Message from Rabbi Joe Mendelsohn
Shavuot, also known as the “Feast of Weeks,” is one of the Shalosh Regalim, the three Biblical pilgrimage festivals. It is the least understood holiday in the Jewish calendar and is the only one that is not identified with a date, rather it is identified by the following passages:
Vayikra 23:15 And from the day on which you bring the sheaf of elevation offering—the day after the sabbath—you shall count off seven weeks. They must be complete: 16 you must count until the day after the seventh week—fifty days; then you shall bring an offering of new grain to the Lord.
Originally celebrated as a harvest holiday of wheat, the Rabbis identified Shavuot as Yom Matan Torah – the anniversary of the day God gave the Torah to the entire Israelite nation assembled at Mount Sinai. This is calculated from Exodus 19:1:
In the third month after the children of Israel were gone forth out of the land of Egypt, the same day came they into the wilderness of Sinai.
They left Exodus on the 15th of Nisan and arrived the first of Sivan. Add three days of waiting at the bottom of the mountain and on the fifth of Sivan the Commandments are given.
Our celebration of Shavuot includes both concepts.
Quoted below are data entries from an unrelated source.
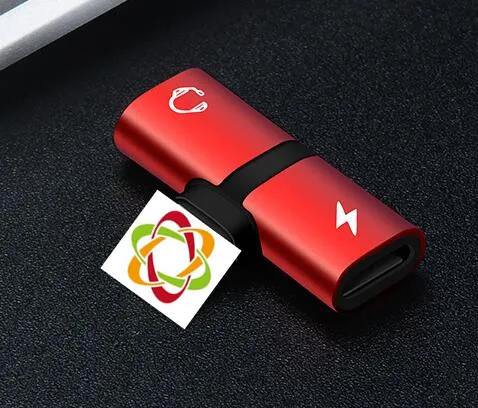 Red Egeedigi 2 in 1 Audio Charging Adapter for Lightning Splitter To Charging Earphone AUX Jack Cable for iPhone X XR Xs Max 7 8Plus - Цвет: Red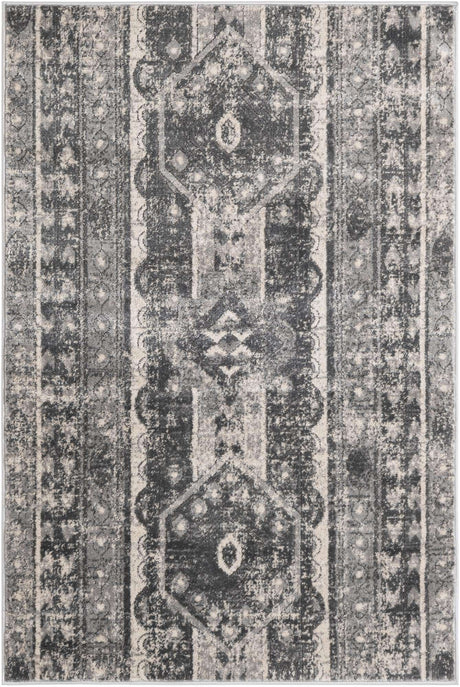 Gray 4' 1 x 6' 1 Portland Rectangle Area Rug 85% Polypropylene & 15% Polyester Vintage Distressed Traditional Carpet for Home Decor for Sale at Rug Engine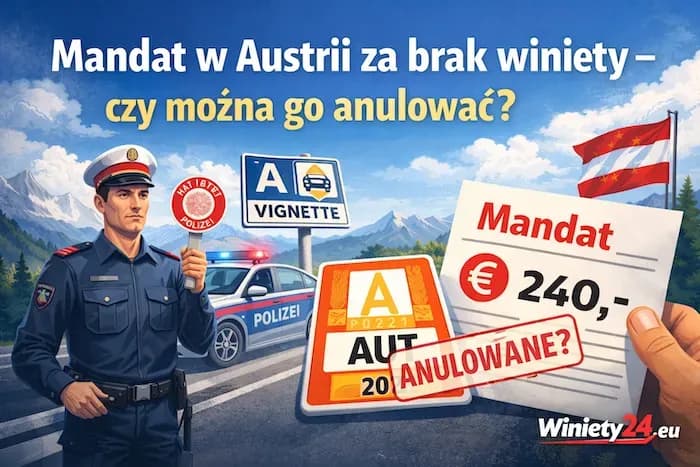 Austrian police officer with a stop sign next to vignette signs and a €240 ticket.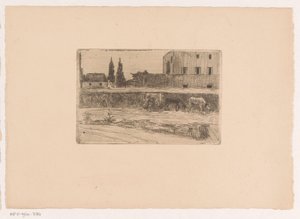 Táj épületekkel és egy dolgozó alakkal alkotó: Xavier Mellery (attributed to)
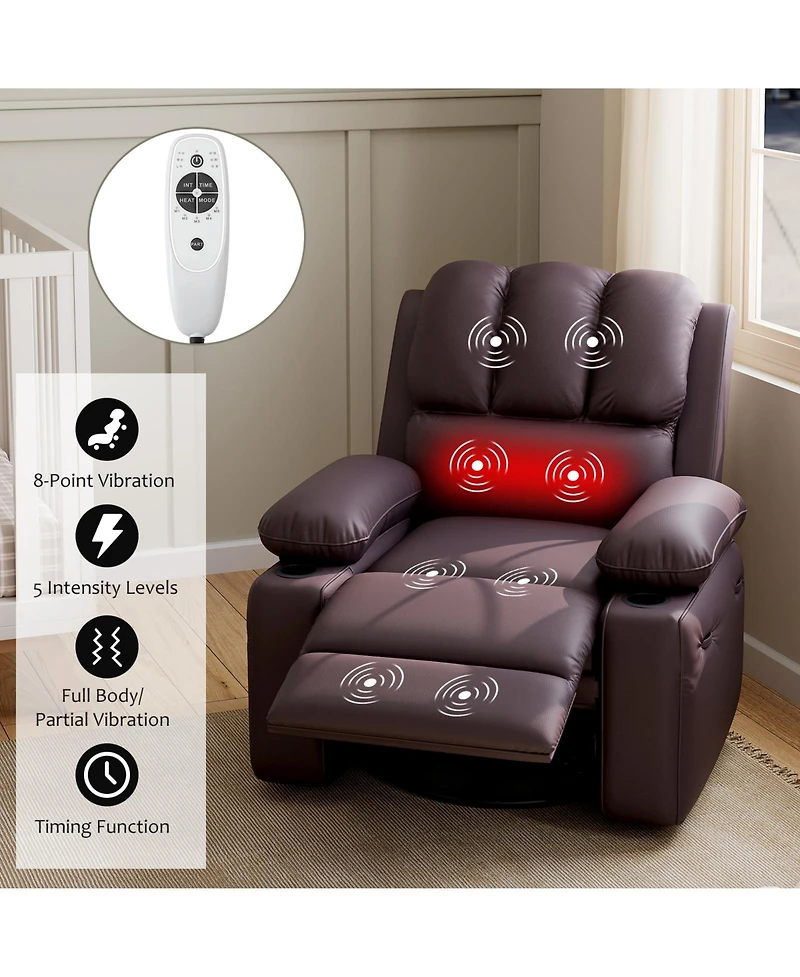 gaomon Massage Recliner Sofa Chair, Lounge Recliner with Heat and Massage for Living Room, Bedroom, and Nursery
We eat dairy because of scripture, which says we eat dairy to symbolize the “land flowing with milk and honey” (Exodus 3:8) promised to the Israelites, or that “milk and honey are under your tongue” (Song of Songs 4:11). We decorate our sanctuaries with spring foliage because during pilgrimage holidays the baskets used to transport first fruits to the Temple were adorned with flowers and leaves. The greens also represent that Torah is …a tree of life to those who hold fast to it” (Proverbs 3:18). And, as we do with all three Pilgrimage holidays, we hold a brief Yizkor service on the second day.